A vitoriosa carnavalesca de Imperatriz Leopoldinense, Vila Isabel e Império Serrano, além da abertura dos Jogos Olímpicos Rio-2016, entre outros grandes eventos, morreu aos 78 anos e é uma das referências de João Vitor.
— Tenho paixão por Joãosinho Trinta e Viriato Ferreira e sou discípulo da Rosa, do Alexandre Louzada, do Max Lopes e de outros com quem trabalhei e aprendi muito — diz ele.
Em defesa dos enredos afro
Uma de suas parcerias (na Portela, campeã em 2017) foi com Paulo Barros, que criou uma polêmica nas vésperas do carnaval ao dizer que enredos afro eram todos iguais e de difícil compreensão pelo público.

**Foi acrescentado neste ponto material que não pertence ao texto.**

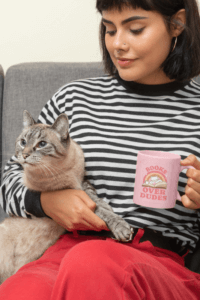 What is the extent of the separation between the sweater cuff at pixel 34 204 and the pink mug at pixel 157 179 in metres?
0.36

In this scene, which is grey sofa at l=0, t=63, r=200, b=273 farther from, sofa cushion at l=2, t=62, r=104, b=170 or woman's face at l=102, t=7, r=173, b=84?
woman's face at l=102, t=7, r=173, b=84

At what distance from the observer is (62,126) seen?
99 centimetres

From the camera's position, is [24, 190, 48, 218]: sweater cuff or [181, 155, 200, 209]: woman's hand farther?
[24, 190, 48, 218]: sweater cuff

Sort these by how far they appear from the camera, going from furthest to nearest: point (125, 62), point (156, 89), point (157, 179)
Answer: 1. point (156, 89)
2. point (125, 62)
3. point (157, 179)

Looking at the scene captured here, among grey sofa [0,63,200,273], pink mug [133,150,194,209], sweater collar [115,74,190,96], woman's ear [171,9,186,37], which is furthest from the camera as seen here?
grey sofa [0,63,200,273]

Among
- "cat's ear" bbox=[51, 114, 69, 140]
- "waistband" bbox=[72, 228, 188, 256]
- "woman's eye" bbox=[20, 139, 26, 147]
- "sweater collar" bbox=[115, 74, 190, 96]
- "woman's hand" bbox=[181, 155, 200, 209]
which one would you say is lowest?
"waistband" bbox=[72, 228, 188, 256]

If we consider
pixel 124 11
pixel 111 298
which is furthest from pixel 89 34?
pixel 111 298

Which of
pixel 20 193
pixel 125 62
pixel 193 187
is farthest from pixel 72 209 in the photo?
pixel 125 62

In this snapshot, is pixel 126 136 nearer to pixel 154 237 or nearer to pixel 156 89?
pixel 156 89

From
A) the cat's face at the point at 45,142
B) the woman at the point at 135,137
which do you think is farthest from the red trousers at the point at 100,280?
the cat's face at the point at 45,142

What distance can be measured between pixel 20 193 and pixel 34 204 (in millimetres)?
86

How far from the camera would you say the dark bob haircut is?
911 millimetres

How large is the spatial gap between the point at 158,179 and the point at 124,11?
0.52 meters

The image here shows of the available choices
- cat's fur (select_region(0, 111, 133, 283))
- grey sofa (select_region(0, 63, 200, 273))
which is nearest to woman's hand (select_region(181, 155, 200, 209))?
cat's fur (select_region(0, 111, 133, 283)) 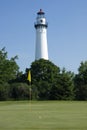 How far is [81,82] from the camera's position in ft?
271

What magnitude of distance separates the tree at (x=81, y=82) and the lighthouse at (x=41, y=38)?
1376cm

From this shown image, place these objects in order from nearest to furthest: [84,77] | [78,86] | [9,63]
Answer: [9,63]
[78,86]
[84,77]

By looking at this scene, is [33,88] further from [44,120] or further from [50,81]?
[44,120]

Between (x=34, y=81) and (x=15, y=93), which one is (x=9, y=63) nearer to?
(x=15, y=93)

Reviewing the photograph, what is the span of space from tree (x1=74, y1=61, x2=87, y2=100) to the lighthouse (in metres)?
13.8

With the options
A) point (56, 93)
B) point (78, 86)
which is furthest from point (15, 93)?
point (78, 86)

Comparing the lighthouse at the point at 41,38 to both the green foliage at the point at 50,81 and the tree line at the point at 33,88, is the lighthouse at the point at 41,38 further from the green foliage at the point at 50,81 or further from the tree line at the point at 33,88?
the tree line at the point at 33,88

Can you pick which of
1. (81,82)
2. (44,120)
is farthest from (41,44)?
(44,120)

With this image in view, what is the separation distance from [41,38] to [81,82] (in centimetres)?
2173

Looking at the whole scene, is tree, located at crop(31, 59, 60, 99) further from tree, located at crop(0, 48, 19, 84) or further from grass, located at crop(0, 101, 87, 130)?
grass, located at crop(0, 101, 87, 130)

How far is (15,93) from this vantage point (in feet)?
241

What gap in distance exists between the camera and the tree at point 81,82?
7575cm

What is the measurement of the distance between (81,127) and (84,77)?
219 ft

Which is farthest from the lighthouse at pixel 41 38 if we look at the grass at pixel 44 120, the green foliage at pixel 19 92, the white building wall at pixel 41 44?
the grass at pixel 44 120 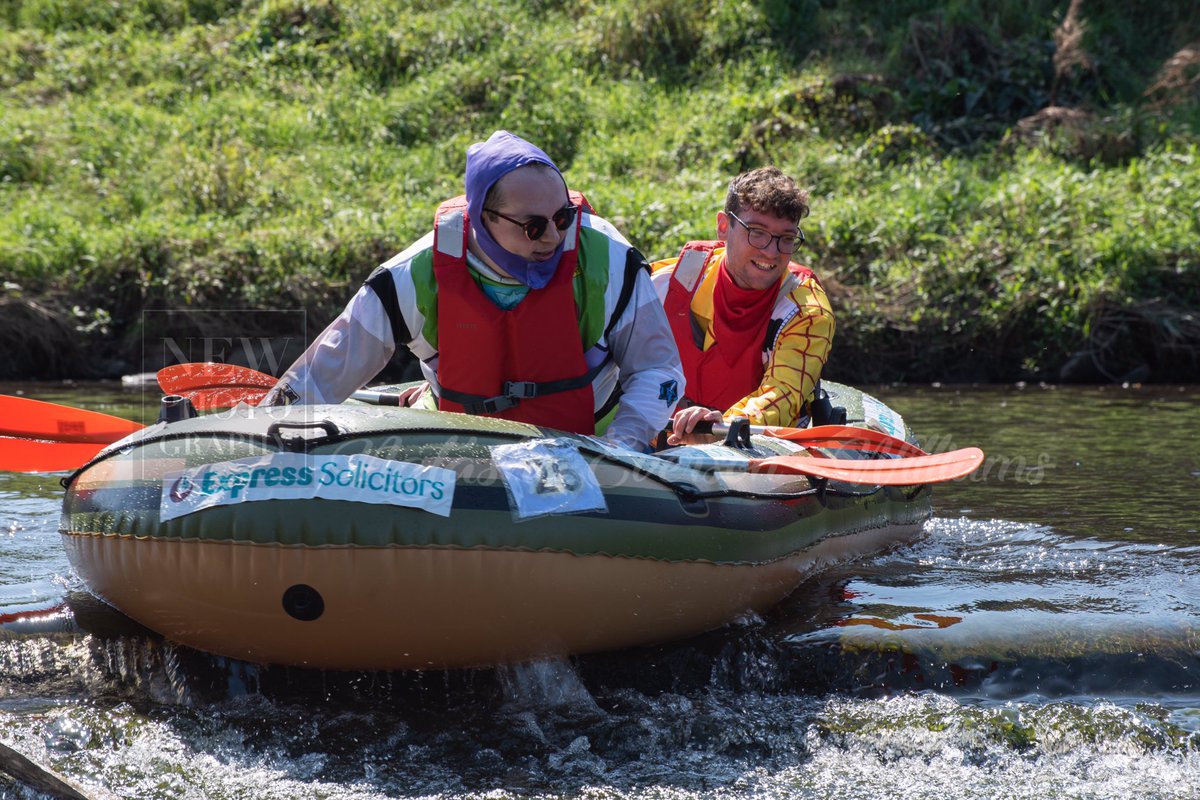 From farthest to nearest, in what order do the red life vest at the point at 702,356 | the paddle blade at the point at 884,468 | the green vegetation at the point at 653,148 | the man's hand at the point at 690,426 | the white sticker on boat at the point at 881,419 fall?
the green vegetation at the point at 653,148 < the red life vest at the point at 702,356 < the white sticker on boat at the point at 881,419 < the man's hand at the point at 690,426 < the paddle blade at the point at 884,468

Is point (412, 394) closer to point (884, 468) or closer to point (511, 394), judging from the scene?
point (511, 394)

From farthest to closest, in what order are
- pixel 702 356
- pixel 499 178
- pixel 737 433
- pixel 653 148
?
1. pixel 653 148
2. pixel 702 356
3. pixel 737 433
4. pixel 499 178

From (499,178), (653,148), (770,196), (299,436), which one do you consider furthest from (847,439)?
(653,148)

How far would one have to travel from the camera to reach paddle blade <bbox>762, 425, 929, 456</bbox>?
3549 millimetres

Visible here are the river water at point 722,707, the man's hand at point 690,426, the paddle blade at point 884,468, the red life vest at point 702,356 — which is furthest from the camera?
the red life vest at point 702,356

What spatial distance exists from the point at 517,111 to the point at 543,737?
994 centimetres

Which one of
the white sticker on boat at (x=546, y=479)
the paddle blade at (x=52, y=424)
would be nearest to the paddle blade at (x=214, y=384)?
the paddle blade at (x=52, y=424)

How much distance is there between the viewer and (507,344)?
3.34m

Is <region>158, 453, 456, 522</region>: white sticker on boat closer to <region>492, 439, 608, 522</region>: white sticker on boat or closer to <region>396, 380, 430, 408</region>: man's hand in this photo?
<region>492, 439, 608, 522</region>: white sticker on boat

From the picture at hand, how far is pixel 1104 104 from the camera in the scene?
11633mm

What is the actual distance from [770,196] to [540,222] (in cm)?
125

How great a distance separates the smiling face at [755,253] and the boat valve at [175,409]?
1915 mm

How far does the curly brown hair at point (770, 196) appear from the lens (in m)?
4.16

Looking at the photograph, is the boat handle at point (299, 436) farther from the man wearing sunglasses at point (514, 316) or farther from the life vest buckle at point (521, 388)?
the life vest buckle at point (521, 388)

— O resultado final do carnaval já diz tudo – define. — Seis enredos pretos (de Beija-Flor, Grande Rio, Imperatriz, Portela, Viradouro e Mangueira), cada um com suas características, todos diferentes entre si. Claro que teve jurado (Ana Paula Alves Fernandes, a mesma que esqueceu de escrever três notas no último dia) tirando ponto da Unidos de Padre Miguel por “excesso de termos em iorubá” na letra do samba. Isso, infelizmente, sempre aconteceu e sempre vai acontecer. Temos que trabalhar para que melhore.
A vitória da Beija-Flor, na opinião dele, é histórica também por isso.
— Uma escola com um presidente e um carnavalesco pretos retintos, falando de um homem preto — conta ele, o primeiro a vencer pela agremiação assinando um enredo sozinho desde Joãosinho Trinta, em 1983, com “A grande constelação das estrelas negras”. — Acho que vai demorar muito até isso acontecer de novo.